> TASK TO CARRY OUT
An unchanged copy of all the lines below is expected, and it should contain no pictures.

*** Opening of DATASET SECTION ***

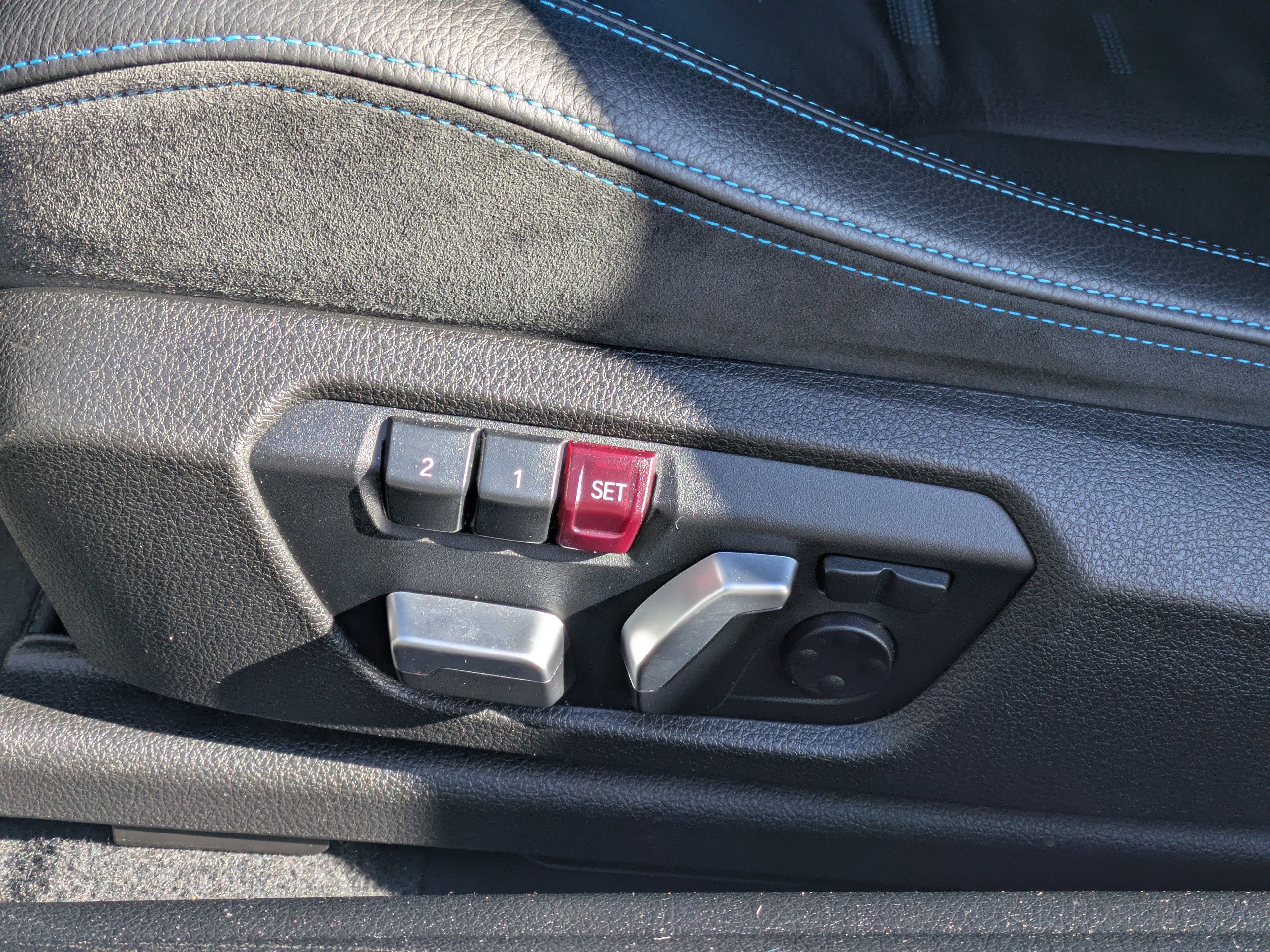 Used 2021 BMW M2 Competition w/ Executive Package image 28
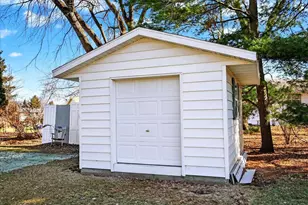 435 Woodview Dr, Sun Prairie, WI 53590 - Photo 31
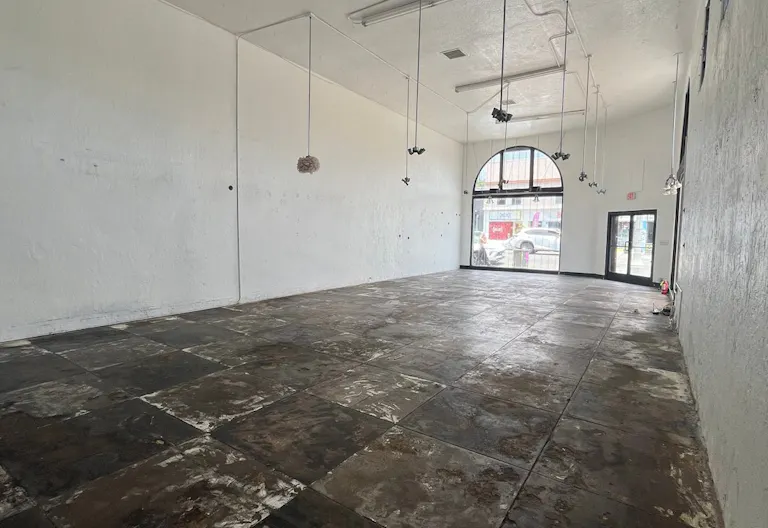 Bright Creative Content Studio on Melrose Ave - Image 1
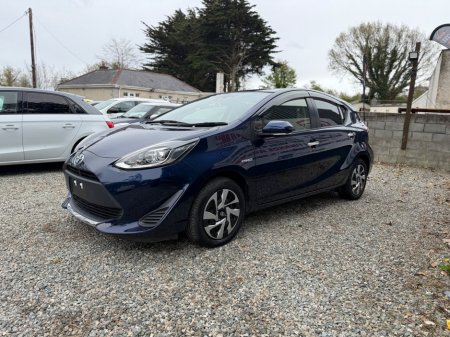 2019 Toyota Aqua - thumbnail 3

*** Close of DATASET SECTION ***

> THE COMPLETED TASK
 Used 2021 BMW M2 Competition w/ Executive Package image 28
 435 Woodview Dr, Sun Prairie, WI 53590 - Photo 31
 Bright Creative Content Studio on Melrose Ave - Image 1
 2019 Toyota Aqua - thumbnail 3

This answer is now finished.